L’arrêt opère ensuite un revirement significatif sur les restitutions. Il exonère les emprunteurs de restituer le capital à la banque. Cette décision est fondée sur la faute du prêteur. La cour estime que la banque a commis une faute en libérant les fonds. Elle relève que “le bon de commande comporte des irrégularités formelles apparentes qui auraient dû conduire la banque, professionnelle des opérations de crédit, à ne pas libérer les fonds”. En versant la somme sans vérification, la banque a privé les consommateurs d’une garantie. Le vendeur est en liquidation judiciaire. Les consommateurs ne peuvent donc plus obtenir la restitution du prix. La cour juge qu’ils “subissent un préjudice consistant à ne pas pouvoir obtenir auprès du vendeur placé en liquidation judiciaire la restitution du prix de vente du matériel dont ils ne sont plus propriétaires”. Elle établit un lien causal avec la faute de la banque. La solution est énoncée clairement : “C’est à tort que le premier juge a accordé à la banque la restitution du capital emprunté.” La banque ne peut réclamer le remboursement. Sa créance est reportée sur la liquidation du vendeur. Cette analyse est audacieuse. Elle étend la responsabilité du prêteur au-delà du contrôle formel.
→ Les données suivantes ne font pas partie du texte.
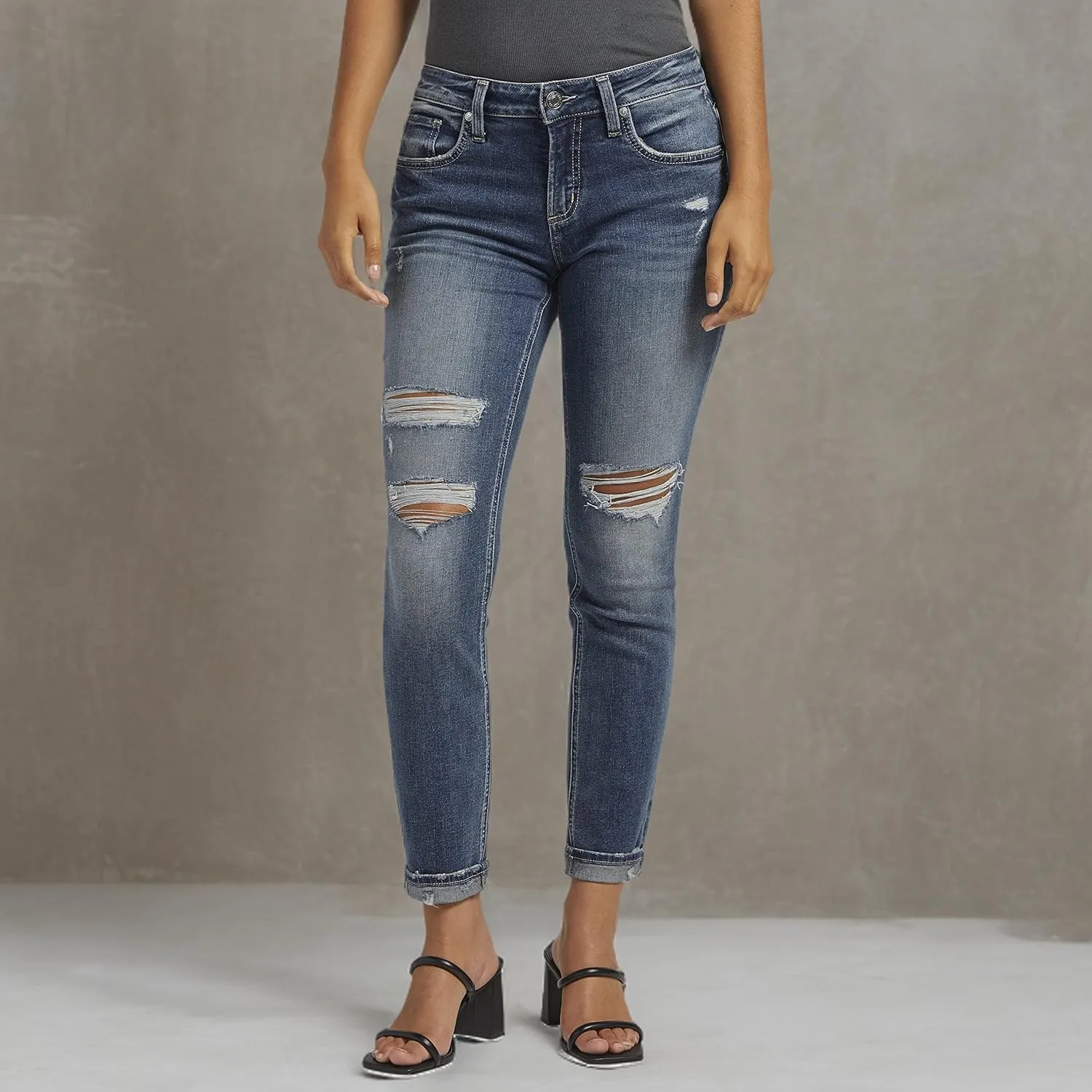 Silver Jeans Co. Women's Boyfriend Mid Rise Slim Leg Jeans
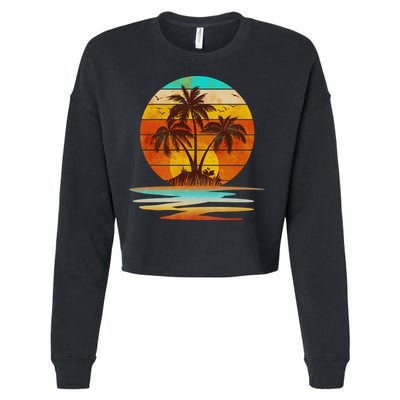 Vintage Island Sunset Emblem Cropped Pullover Crew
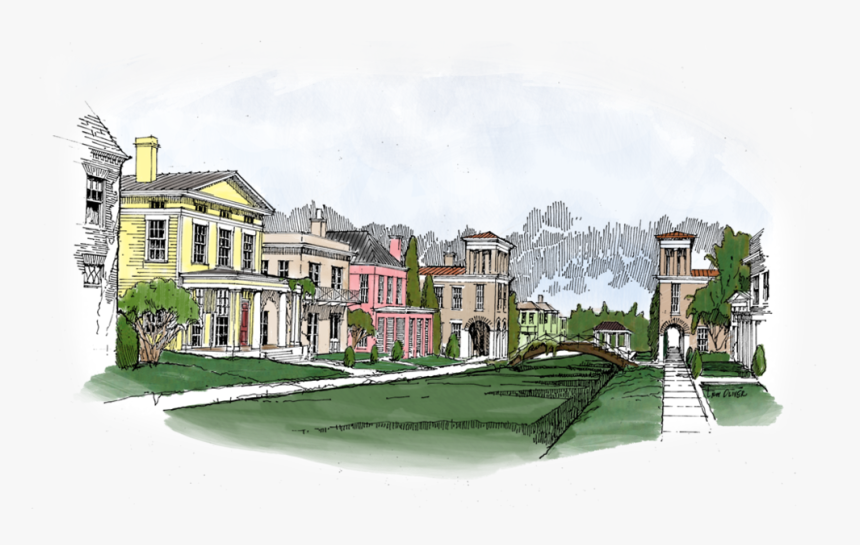 Prespective Drawing Neighborhood - House, HD Png Download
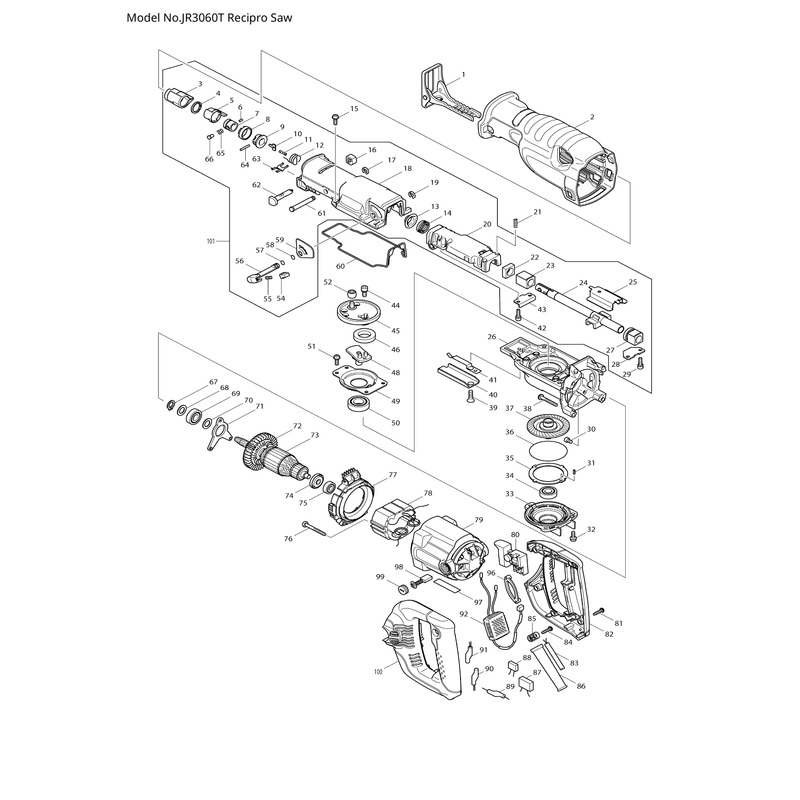 Makita JR3060T — сборочный чертёж, лист 1, деталь 650219-7 поз. 080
La portée de cette décision est importante pour le droit de la consommation. Elle renforce la protection de l’emprunteur face au risque d’insolvabilité du vendeur. La faute du prêteur dans le contrôle des pièces devient une cause d’exonération. La cour précise les conditions de ce préjudice. Il faut que la restitution du prix par le vendeur soit devenue impossible. L’insolvabilité du vendeur est ici avérée par la liquidation. La solution pourrait s’appliquer à d’autres cas de défaillance. Elle incite les établissements financiers à un examen plus rigoureux. Le risque de ne pas pouvoir récupérer le capital est réel. La banque est finalement traitée comme un garant de la régularité du contrat principal. Sa créance est subordonnée à la solvabilité du vendeur. Cette approche pourrait être discutée. Elle semble imposer une obligation de vigilance substantielle. La banque devient en quelque sorte le vérificateur du bon de commande. La frontière entre contrôle formel et appréciation du fond peut être ténue. La décision crée une sécurité nouvelle pour les consommateurs. Elle les protège des conséquences d’une double défaillance.